**Exercise aim**
Could you repeat the records below exactly, leaving out any pictures?

**Data shown**
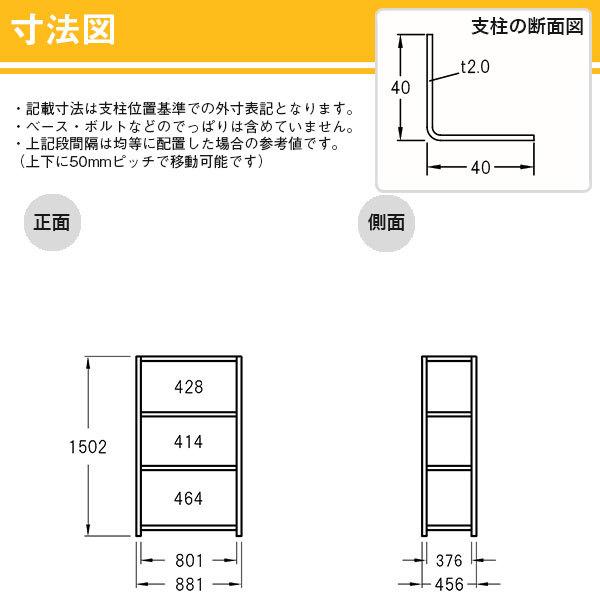 スチールラック スチール棚 ボルト固定 軽量棚 耐荷重120kg/段 スチールラック スチール棚 ボルト固定 軽量棚 耐荷重120kg/段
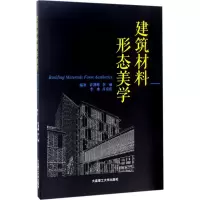 建筑材料形态美学 许剑峰 等 编著 专业科技 文轩网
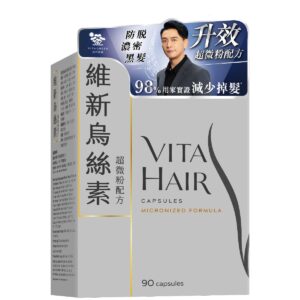 VITA GREEN 維特健靈維新烏絲素(超微粉配方) 90'S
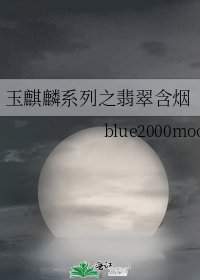 《玉麒麟系列之翡翠含煙》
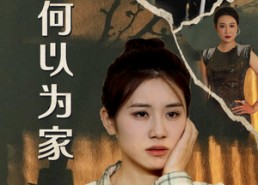 短剧《何以为家（70集）》短剧完整版在线免费看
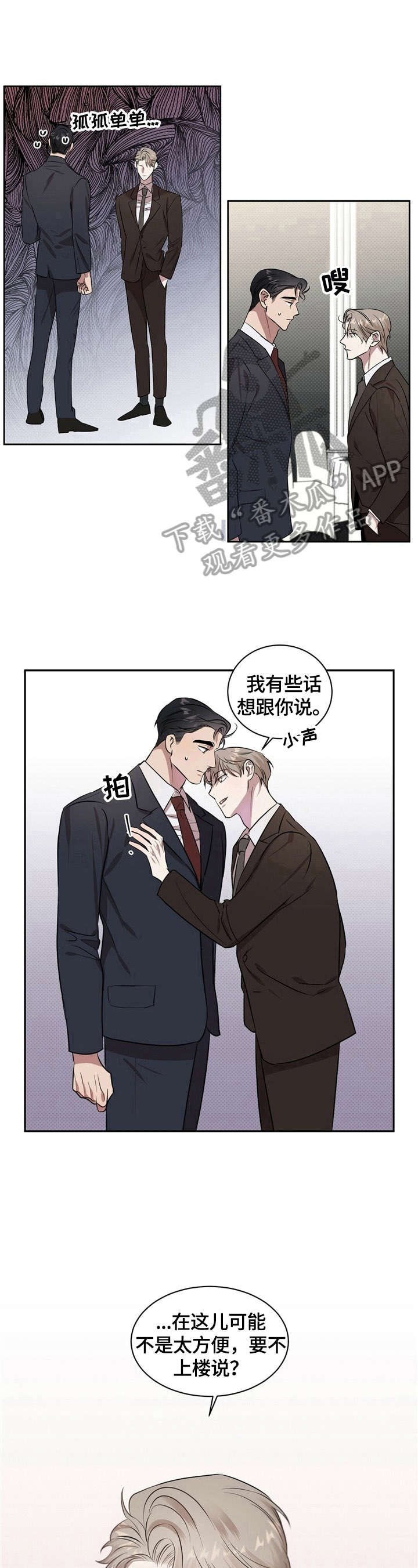 第2章：喝一杯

**Solution to this problem**
 スチールラック スチール棚 ボルト固定 軽量棚 耐荷重120kg/段 スチールラック スチール棚 ボルト固定 軽量棚 耐荷重120kg/段
 建筑材料形态美学 许剑峰 等 编著 专业科技 文轩网
 VITA GREEN 維特健靈維新烏絲素(超微粉配方) 90'S
 《玉麒麟系列之翡翠含煙》
 短剧《何以为家（70集）》短剧完整版在线免费看
 第2章：喝一杯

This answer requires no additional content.